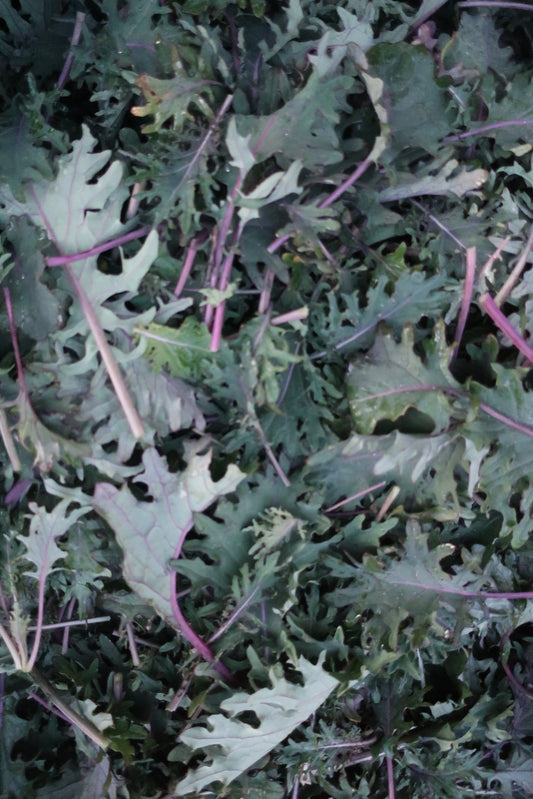 Organic Baby Kale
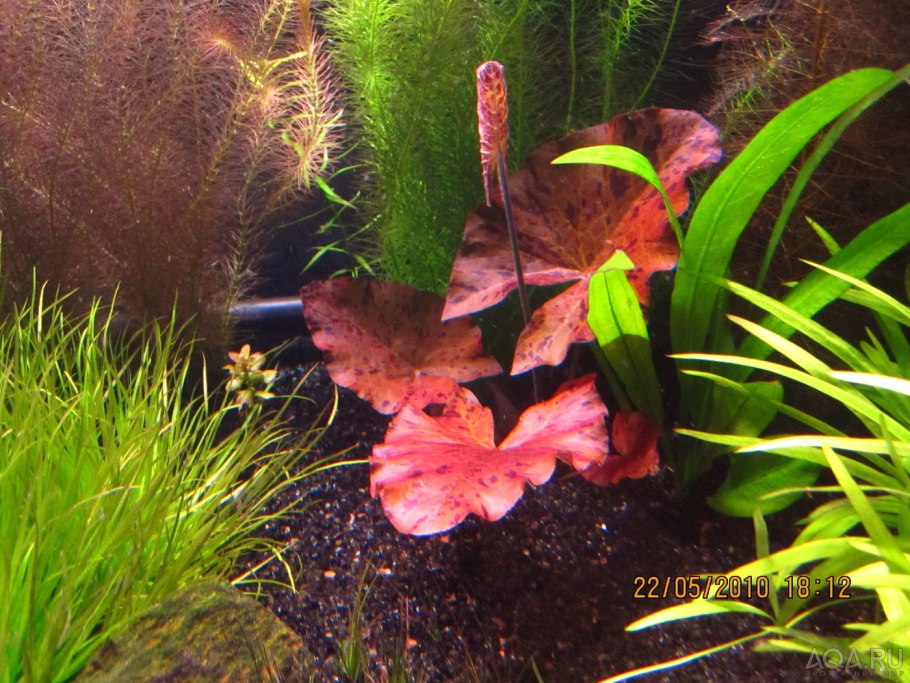 Нимфея стеллата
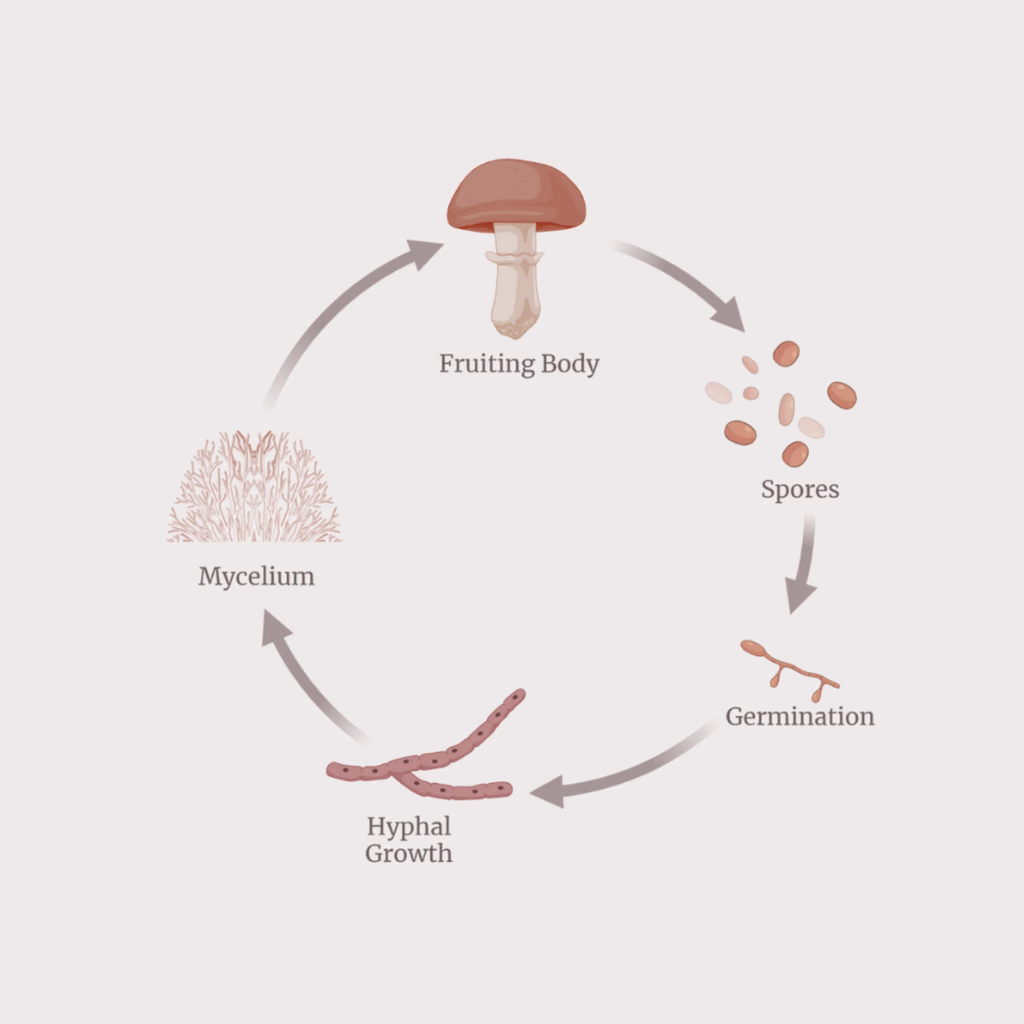 Functional mushroom lifecycle from spores through mycelium to the fruiting body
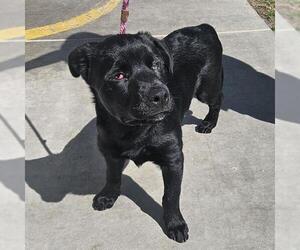 Labrador Retriever-Unknown Mix Dogs for adoption in Camarillo, CA, USA
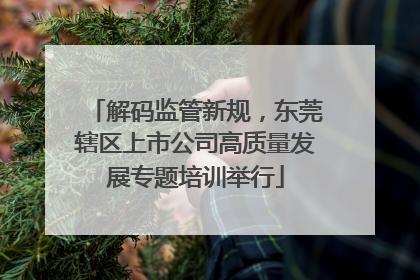 解码监管新规，东莞辖区上市公司高质量发展专题培训举行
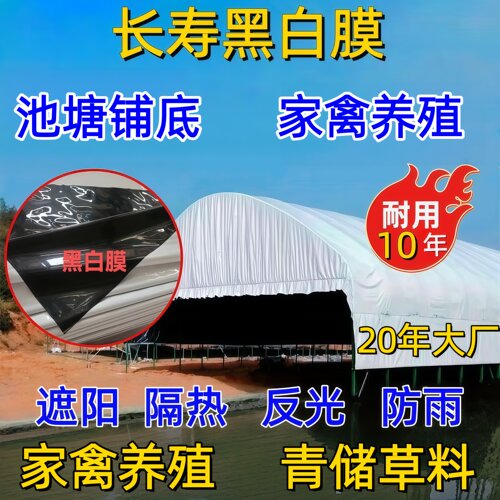 反光加厚食用菌养鸡大棚膜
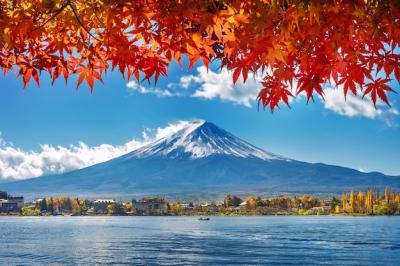 Autumn Season at Kawaguchiko Lake with Mountain Fuji – Free Stock Photo for Download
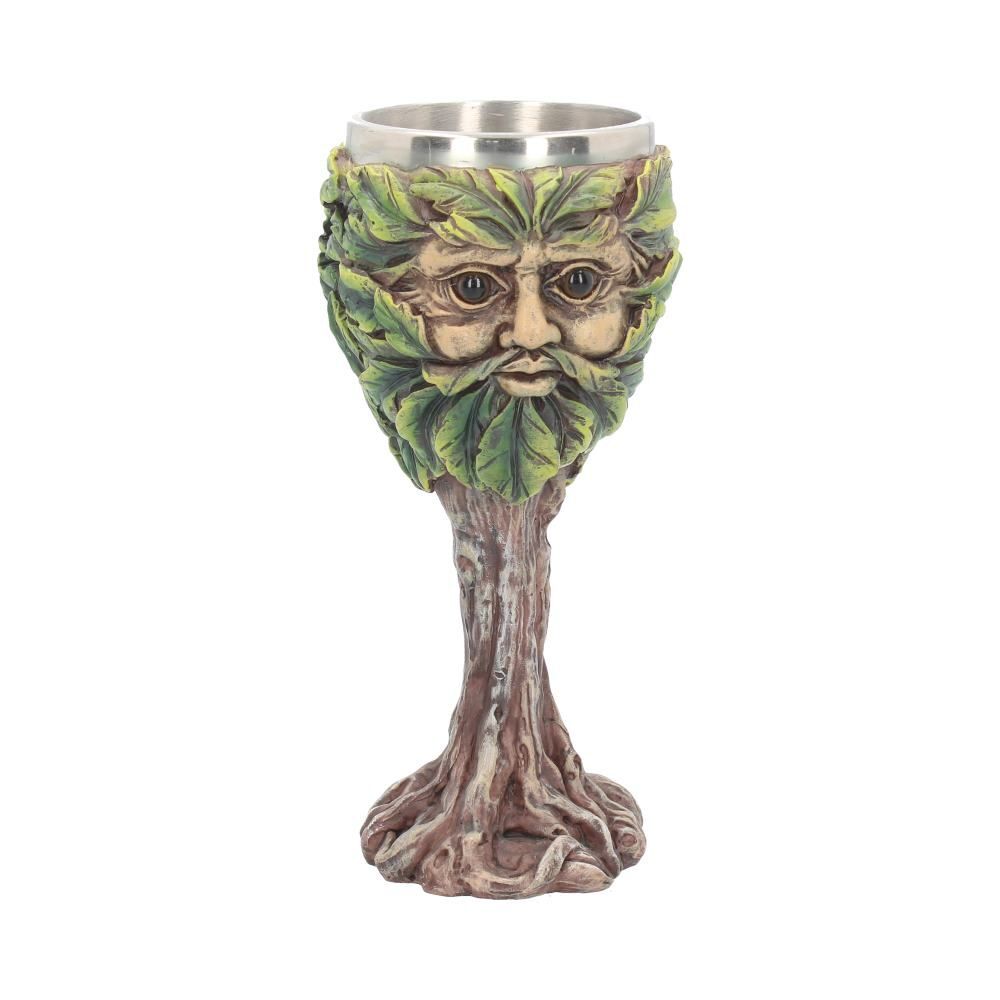 Кубок Око леса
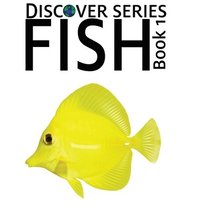 bokomslag Fish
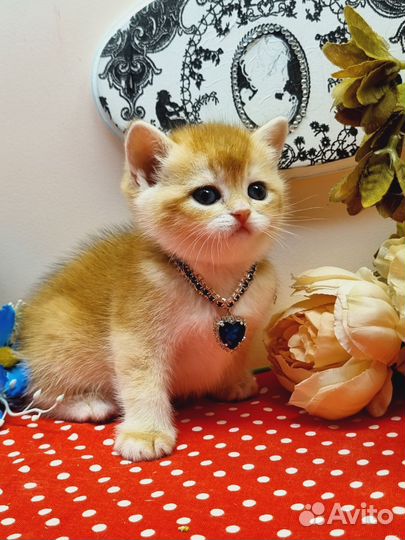 Золотые британские котята, малыши с документами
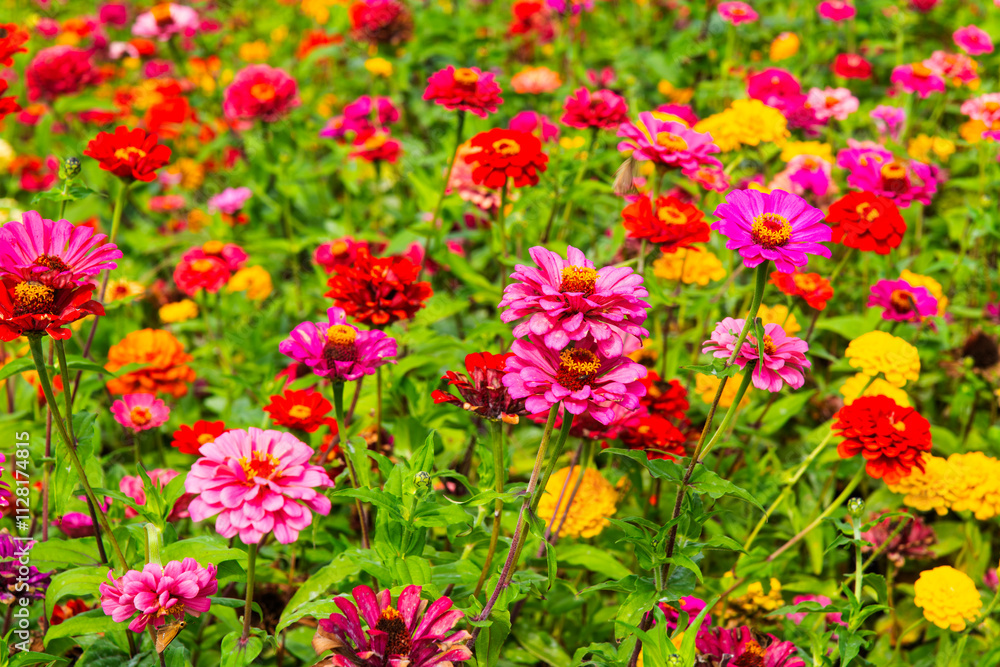 zinnia flower field in the park zinnia flower field in the park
# # # # #
:: HOW TO COMPLETE THIS TASK ::
Only exact copies are wanted here. Write out the lines from the one containing "Autumn Season at" through the end of the material and no others, omitting all pictures.

:: ANSWER SECTION ::
 Autumn Season at Kawaguchiko Lake with Mountain Fuji – Free Stock Photo for Download
 Кубок Око леса
 bokomslag Fish
 Золотые британские котята, малыши с документами
 zinnia flower field in the park zinnia flower field in the park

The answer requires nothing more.